Bukan hanya Siti Zaenab dan Karni BMP yang menjadi korban atas kegagalan Negara dalam melindungi warga negaranya yang bekerja di luar negeri. Sebelumnya, Ruyati, BMP PRT juga telah dieksekusi hukuman mati di Arab Saudi. Saat ini pun, masih ada ratusan BM yang juga teracncam hukuman mati di berbagai Negara tujuan. Kemlu mencatat sepanjang 2011-2014 ada lebih dari 400 kasus ancaman Hukuman mati yang dialami oleh Buruh Migran di berbagai Negara tujuan. Selama 2014, ada 46 Buruh Migran yang berhasil dibebaskan dari ancaman hukuman mati. Namun di 2014 itu pula muncul 47 kasus baru.
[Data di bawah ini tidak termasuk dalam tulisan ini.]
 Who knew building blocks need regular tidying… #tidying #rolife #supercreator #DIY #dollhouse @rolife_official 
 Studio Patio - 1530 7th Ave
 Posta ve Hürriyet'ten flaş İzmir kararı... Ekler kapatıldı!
Sebagian Buruh Migran terancam hukuman mati karena tuduhan pembunuhan terhadap majikan. Padahal, beberapa pengalaman BMP menunjukan bahwa tindakan yang dilakukan merupakan upaya pembelaan diri atas tindak kekerasan yang dilakukan oleh majikan atau pihak lainnya. Situasi ini dipicu oleh terisolasinya buruh migran dari lingkungan luar. Mereka seringkali tidak diperbolehkan ke luar rumah dan dilarang berkomunikasi, sehingga tidak mempunyai akses untuk mengadukan tindakan kekerasan dan pelanggaran hak yang dialami.
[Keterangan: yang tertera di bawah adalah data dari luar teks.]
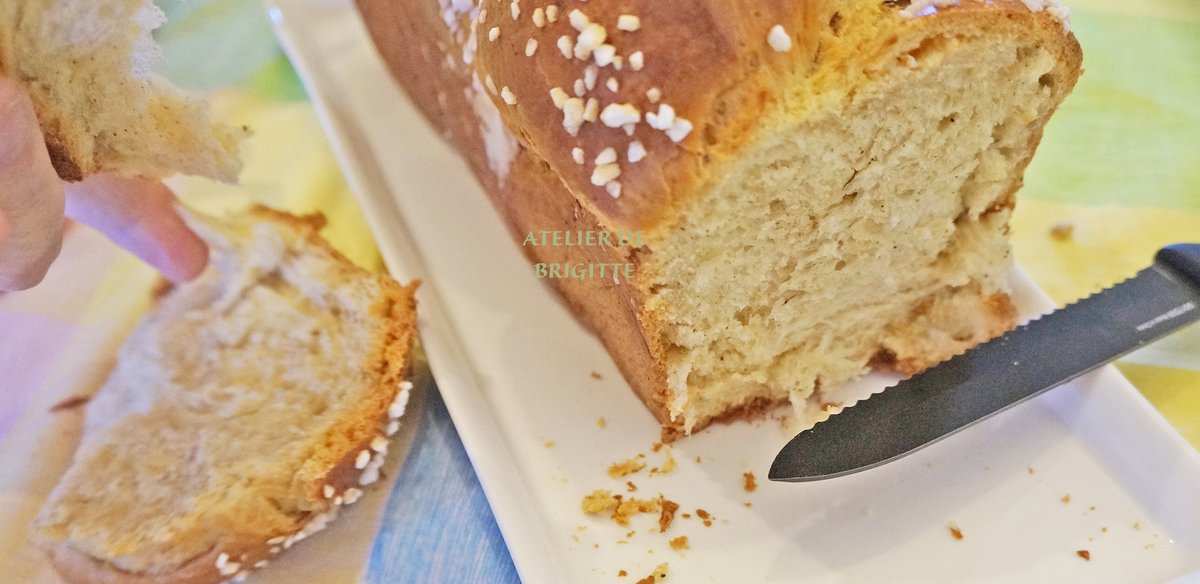 cofooders's tweet photo. #Recette via @AdeBrigitte Brioche torsadée, super moelleuse, et, méga filante 👉https://t.co/BvWtdlxI9l #brioche #gouter #food #moelleuse #patisserie #viennoiserie #bon https://t.co/9JoRoemZKt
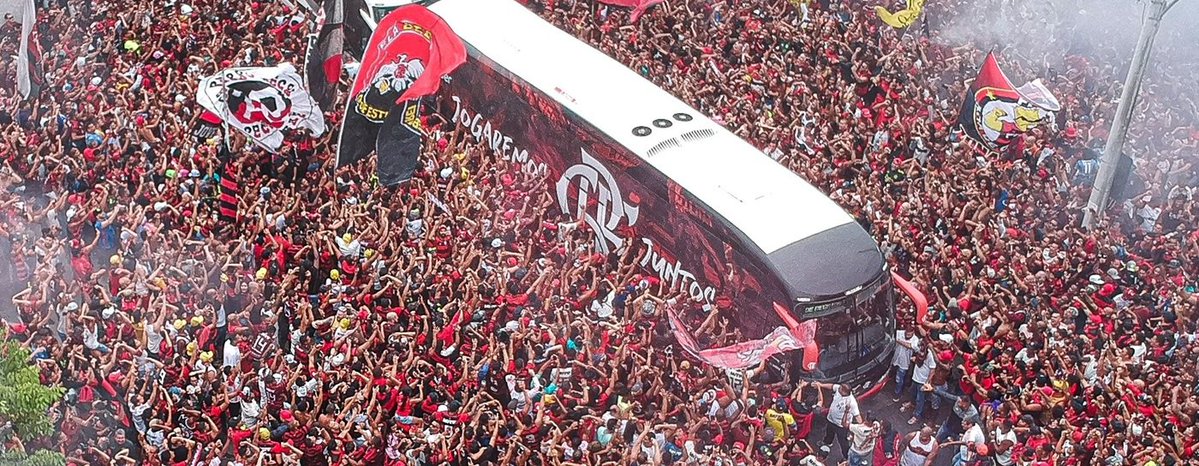 JoaoSemMaria21's tweet photo. @Noitedecopa Uma dica: em SP você não verá tanto desocupado por m2 em horário comercial como se vê no DDD 21 😁😁 https://t.co/EkQ1r8X3uM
Kasus yang menimpa Siti Zaenab, Karnu dan Ruyati adalah bentuk kegagalan sistem Negara dalam perlindungan Buruh Migran yang masih mengacu pada UU No. 39 Tahun 2004 tentang Penempatan dan Perlindungan Tenaga Kerja Indonesia di Luar Negeri. Presiden terpilih telah menjanjikan untuk segera merevisi UU No. 39 tahun 2004. Sayangnya, sampai saat ini, pemerintah belum memperlihatkan langkah-langkah nyata dalam upaya perlindungan Buruh Mkigran. Padahal, revisi UU ini telah didesakan oleh masyarakat sipil sejak lebih dari 10 tahun yang lalu. Hal ini menunjukan perlindungan BMP dan keluarganya belum menjadi prioritas.
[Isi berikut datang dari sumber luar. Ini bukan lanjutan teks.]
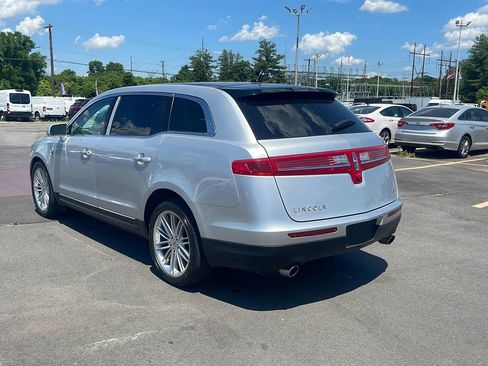 Used 2019 Lincoln MKT AWD image 3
Konvensi Migran 90 yan telah diratifikasi Indonesia belum diimplementasikan secara maksimal. Pemerintah masih mengedepankan paradigma komoditas melalui penempatan BMP, tanpa adanya jaminan perlindungan. Solidaritas Perempuan mencatat telah terjadi 106 kasus kekerasan dan pelanggaran hak BMP dan keluarganya.[1] Di antaranya adalah kasus ancaman hukuman mati yang dialami Warnah (31 tahun) dan Sumartini (39 tahun).[2] Keduanya sempat diancam hukuman mati akibat tuduhan sihir oleh majikannya. Mereka dipaksa menandatangani surat pengakuan dengan cara ditanam setengah badan di dalam pasir. Keduanya saat ini masih berada di penjara dengan keterbatasan akses informasi dan komunikasi. Mereka masih menantikan kehadiran Negara untuk menjamin perlindungan dan keadilan bagi mereka.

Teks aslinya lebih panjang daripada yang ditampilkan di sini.